Das FA ist der Beschwerde entgegengetreten.

 

Entscheidungsgründe

II. Die Beschwerde ist unbegründet.

a) Die von der Klägerin zitierten Rechtssätze des FG und des BFH ergeben keine entscheidungserhebliche Abweichung i.S. des § 115 Abs. 2 Nr. 2 der Finanzgerichtsordnung (FGO). Eine Abweichung abstrakter Rechtssätze beider Gerichte führt nur dann zur Zulassung der Revision, wenn die Möglichkeit besteht, daß das Urteil des FG auf der Grundlage der divergierenden Ansicht des BFH anders ausgefallen wäre (vgl. BFH-Beschluß vom 17. Mai 1995 II B 10/95, BFH/NV 1995, 1044). Diese Möglichkeit besteht aber nur dann, wenn es sich bei dem herausgestellten abstrakten Rechtssatz des FG um einen tragenden Rechtssatz seiner Entscheidung handelt. Dies trifft auf den von der Klägerin wiedergegebenen Rechtssatz aus der Vorentscheidung nicht zu. Das FG hat diesen Rechtssatz nämlich unmittelbar anschließend im nächsten Absatz dahin eingeschränkt, daß es denkbar sei, daß sich die Erwerber sämtlicher Miteigentumsanteile eines noch unbebauten Grundstücks zu einer Bauherrengemeinschaft zusammenschließen und gemeinsam das gesamte Gebäude errichten. Die Voraussetzungen dieser Einschränkung, die dem wiedergegebenen Rechtssatz aus der genannten BFH-Entscheidung entspricht, hat es sodann verneint. Der um diese Einschränkung verkürzte Rechtssatz des FG ist somit für die Entscheidung nicht tragend gewesen; wird er aber um diese Einschränkung ergänzt, fehlt es bereits an einer Abweichung.

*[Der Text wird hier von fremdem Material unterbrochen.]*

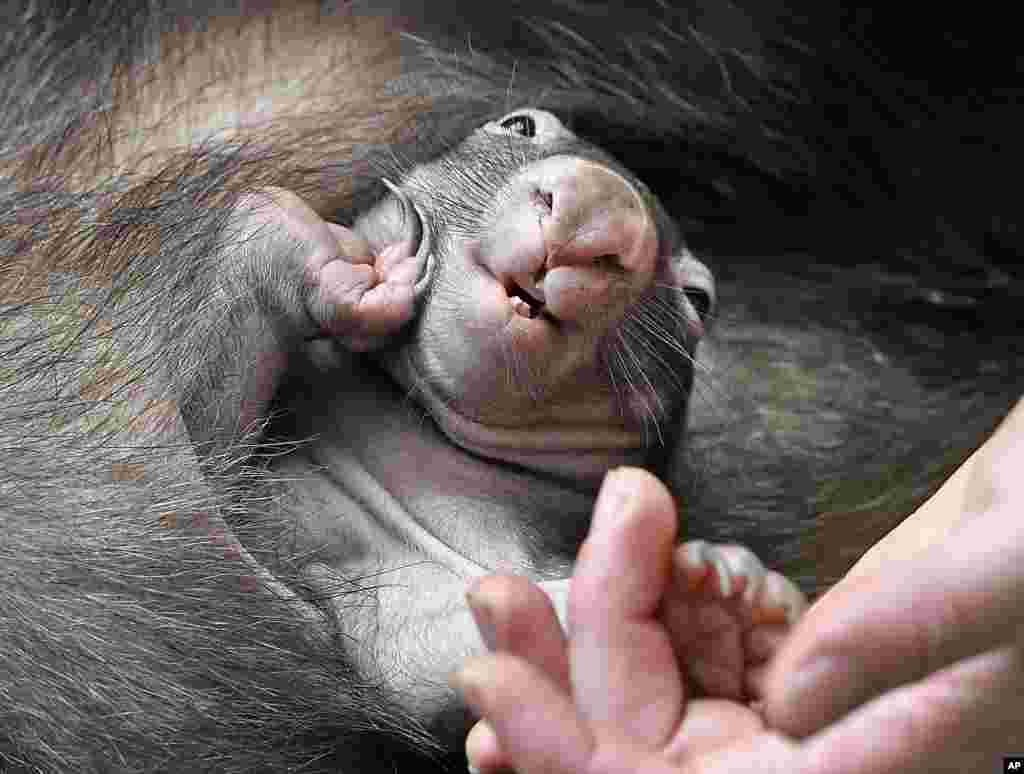 The little new born wombat baby APARI sitting in its mothers pouch at the zoo in Duisburg, Germany.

b) Die Rüge des Verfahrensmangels genügt nicht den Anforderungen des § 115 Abs. 3 Satz 3 FGO. Das Übergehen eines Beweisantrages kann nicht mehr mit Erfolg geltend gemacht werden, wenn der Beteiligte den Verfahrensmangel in der mündlichen Verhandlung vor dem FG nicht gerügt hat, obwohl dort zu erkennen war, daß das Gericht den Beweis nicht erheben werde (vgl. BFH-Beschluß vom 31. Januar 1989 VII B 162/88, BFHE 155, 498, BStBl II 1989, 372). Demgemäß gehört zu einer ordnungsgemäßen Rüge, das FG habe Beweisanträge übergangen, u.a. die Darlegung, daß die Nichterhebung der Beweise vor dem FG rechtzeitig gerügt worden sei oder aufgrund des Verhaltens des FG nicht mehr vor diesem habe gerügt werden können. Dazu reicht die bloße Behauptung, in der mündlichen Verhandlung sei die Nichterhebung des angebotenen Beweises beanstandet worden, nicht aus. Da sich dazu aus dem Sitzungsprotokoll nichts ergibt, wäre weiter erforderlich gewesen vorzutragen, in der mündlichen Verhandlung eine Protokollierung der Rüge verlangt und ―im Fall einer Weigerung des Gerichts, die Protokollierung vorzunehmen― eine Protokollberichtigung gemäß § 94 FGO i.V.m. den §§ 160 Abs. 4, 164 der Zivilprozeßordnung (ZPO) beantragt zu haben (vgl. BFH-Entscheidungen vom 4. März 1992 II B 201/91, BFHE 166, 574, BStBl II 1992, 562, sowie vom 14. September 1993 VIII R 84/90, BFHE 174, 233, BStBl II 1994, 764). Dies ist nicht geschehen.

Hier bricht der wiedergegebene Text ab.